Work to be completed:
Please repeat each line below exactly, with no images in the copy.

Supplied material:
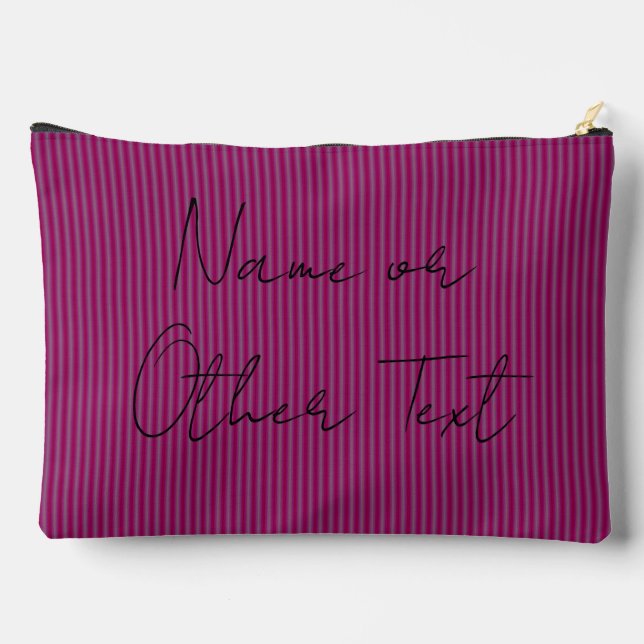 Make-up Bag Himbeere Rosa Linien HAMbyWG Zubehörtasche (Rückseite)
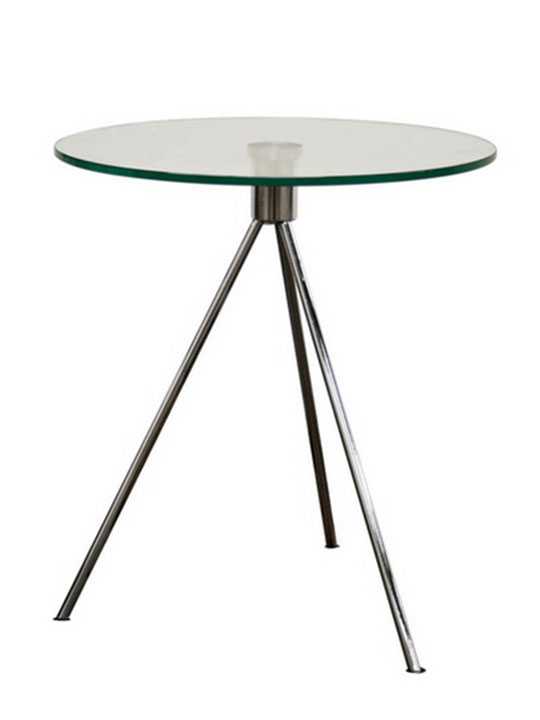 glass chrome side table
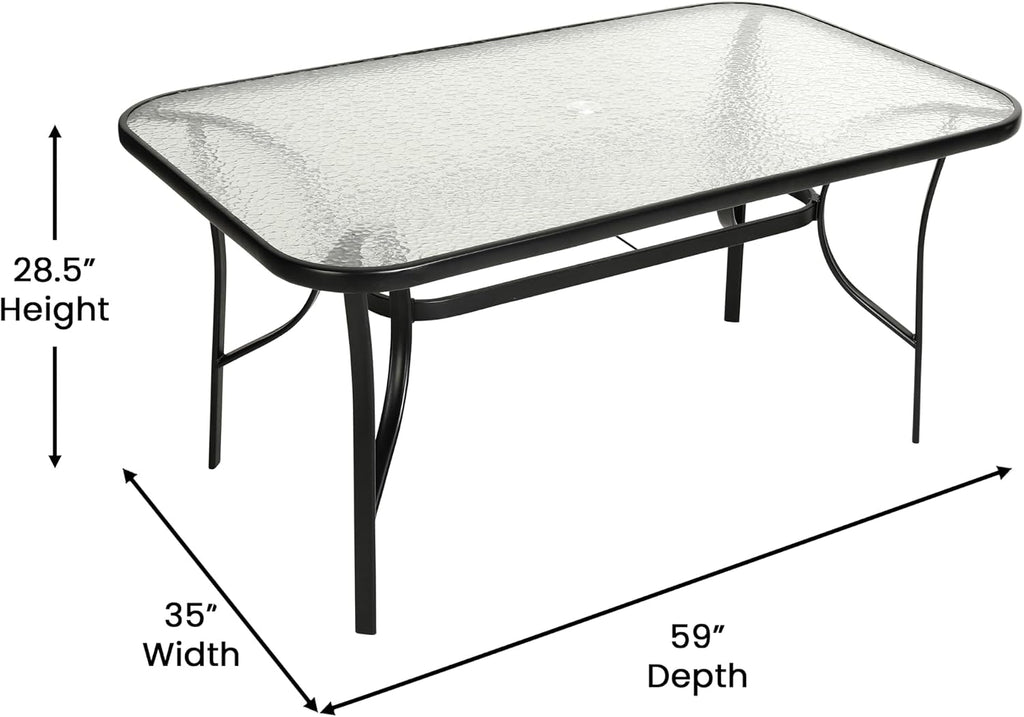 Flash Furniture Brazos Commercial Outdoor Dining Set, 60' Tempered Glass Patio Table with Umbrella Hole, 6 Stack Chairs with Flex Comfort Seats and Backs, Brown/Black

Output of the exercise:
 Make-up Bag Himbeere Rosa Linien HAMbyWG Zubehörtasche (Rückseite)
 glass chrome side table
 Flash Furniture Brazos Commercial Outdoor Dining Set, 60' Tempered Glass Patio Table with Umbrella Hole, 6 Stack Chairs with Flex Comfort Seats and Backs, Brown/Black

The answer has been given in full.